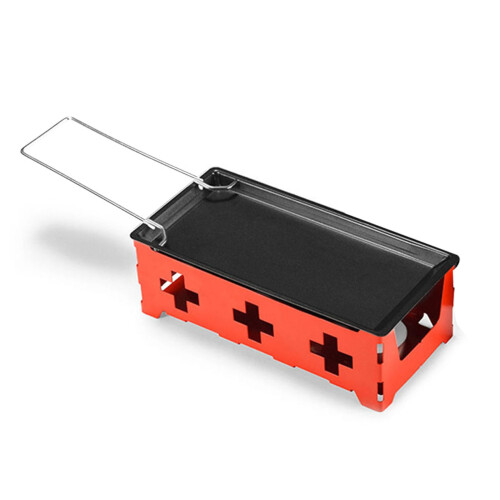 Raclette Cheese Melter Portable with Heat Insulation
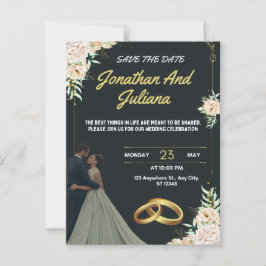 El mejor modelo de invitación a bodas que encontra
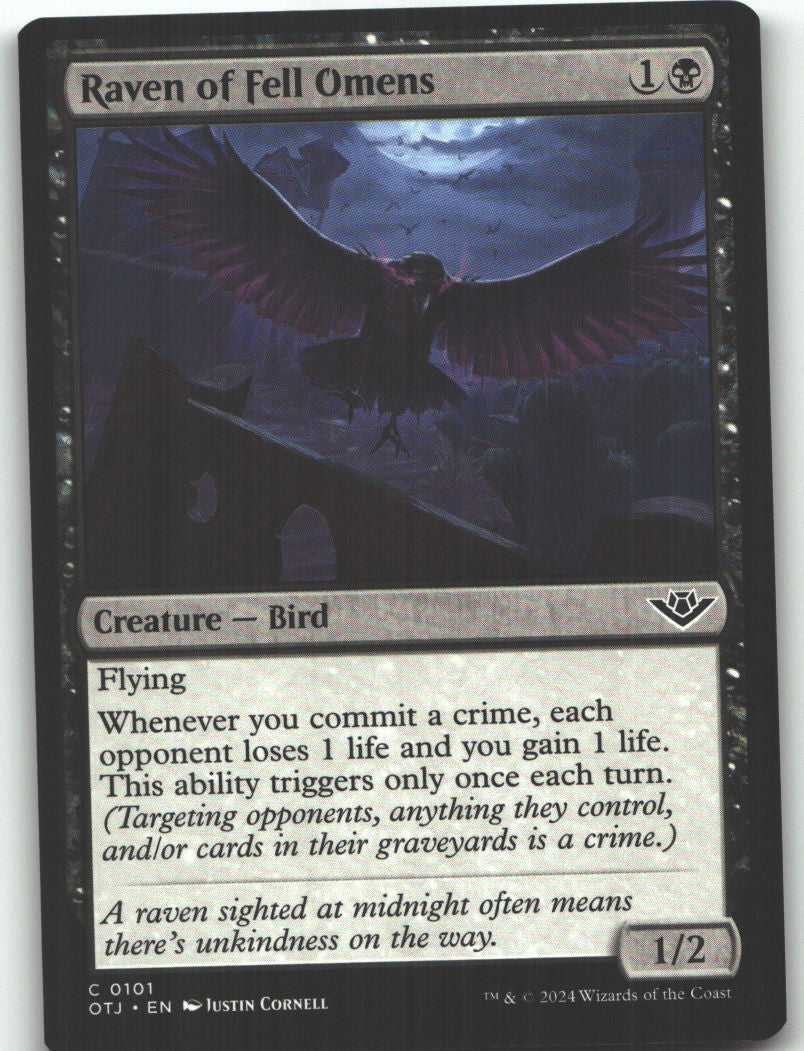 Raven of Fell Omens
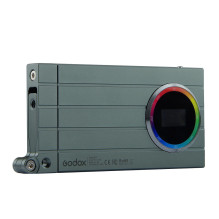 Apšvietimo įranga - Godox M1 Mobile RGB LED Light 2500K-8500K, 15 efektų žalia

• [Requirement] Your copy should hold exactly and only the lines from the one containing "El mejor modelo" through the end of the material, inclusive, repeated word for word and without pictures.

• [Answer for this exercise]
 El mejor modelo de invitación a bodas que encontra
 Raven of Fell Omens
 Apšvietimo įranga - Godox M1 Mobile RGB LED Light 2500K-8500K, 15 efektų žalia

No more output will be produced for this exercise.